● **AIM OF THE TASK**: Without the pictures, set down everything in the listing exactly.

START PROVIDED MATERIAL

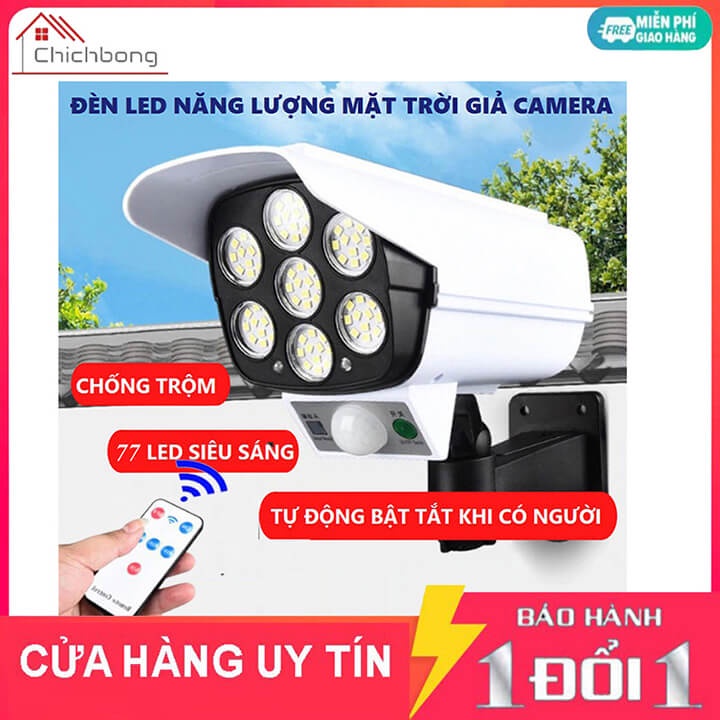 Đèn năng lượng mặt trời giả camera tự động bật tắt chống trộm, cảm biến người có điều khiển từ xa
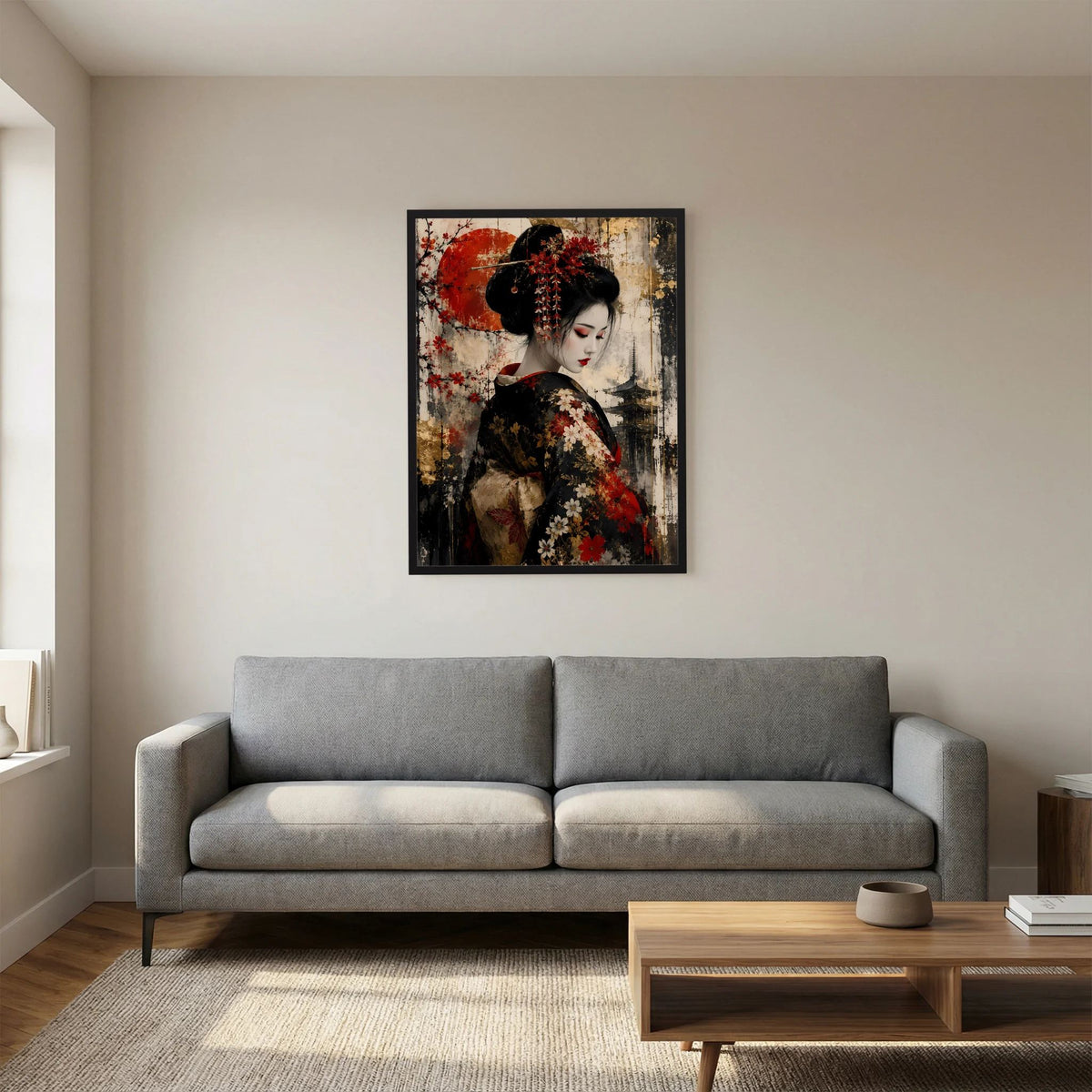 Gerahmtes Poster mit Porträt einer japanischen Frau, schwarzer Haarschmuck mit roten Blumen
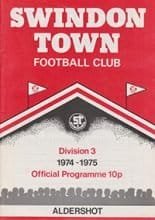 Swindon Town v Aldershot 17-Sep-1974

END PROVIDED MATERIAL

● **WRITTEN SOLUTION**:
 Đèn năng lượng mặt trời giả camera tự động bật tắt chống trộm, cảm biến người có điều khiển từ xa
 Gerahmtes Poster mit Porträt einer japanischen Frau, schwarzer Haarschmuck mit roten Blumen
 Swindon Town v Aldershot 17-Sep-1974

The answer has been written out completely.